DATASET ENTRIES Block Start

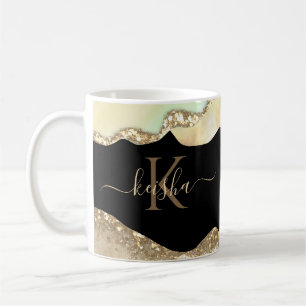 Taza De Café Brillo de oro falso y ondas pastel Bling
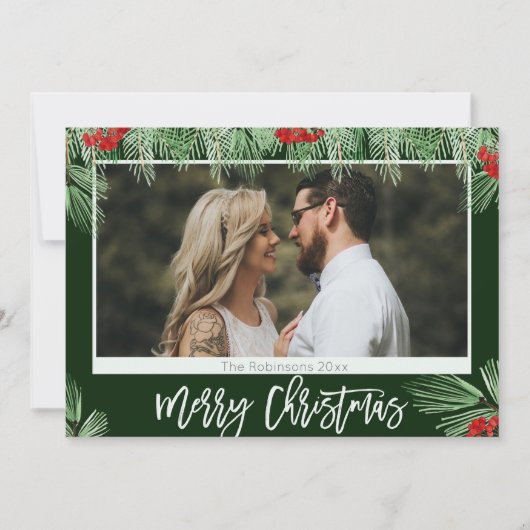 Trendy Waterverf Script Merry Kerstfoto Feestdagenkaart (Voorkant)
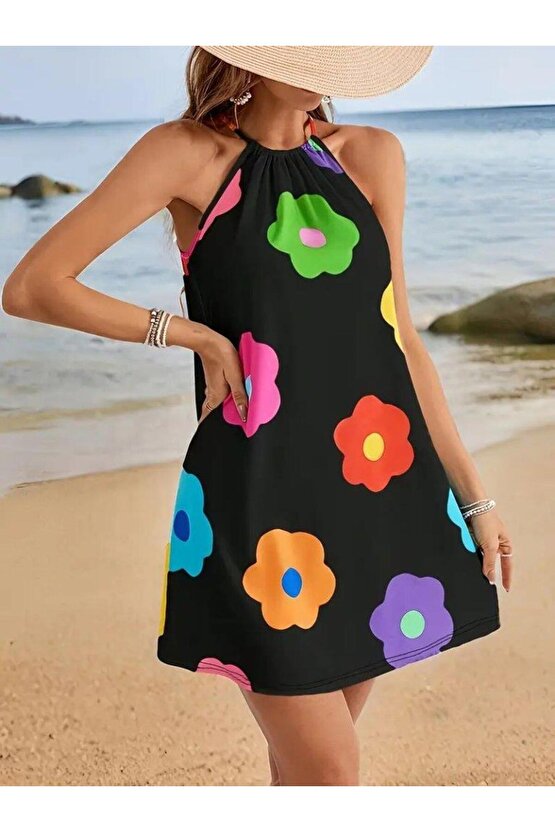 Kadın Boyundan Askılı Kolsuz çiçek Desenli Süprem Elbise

DATASET ENTRIES Block End
DATASET ENTRIES Block Start

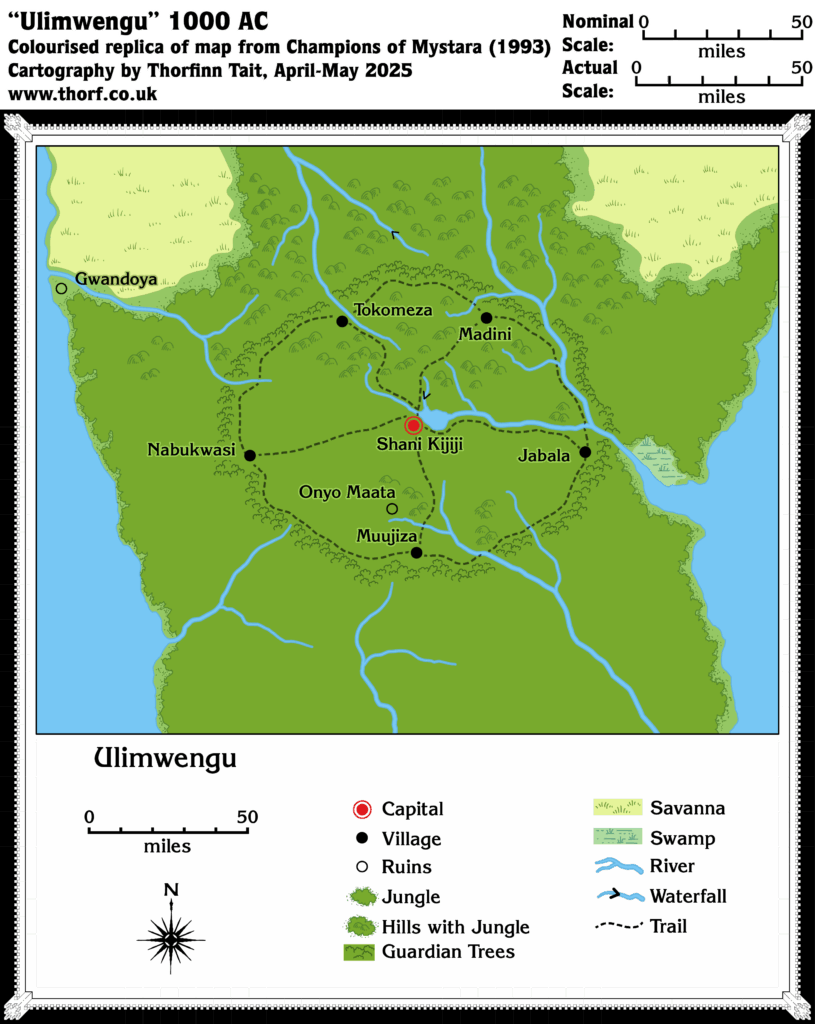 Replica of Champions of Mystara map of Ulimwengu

DATASET ENTRIES Block End

• [THE PROBLEM]:
Output only the lines above from the one containing "Trendy Waterverf Script" to the one containing "Kadın Boyundan Askılı", both included, exactly as written and with no pictures.

• [REPLY]:
 Trendy Waterverf Script Merry Kerstfoto Feestdagenkaart (Voorkant)
 Kadın Boyundan Askılı Kolsuz çiçek Desenli Süprem Elbise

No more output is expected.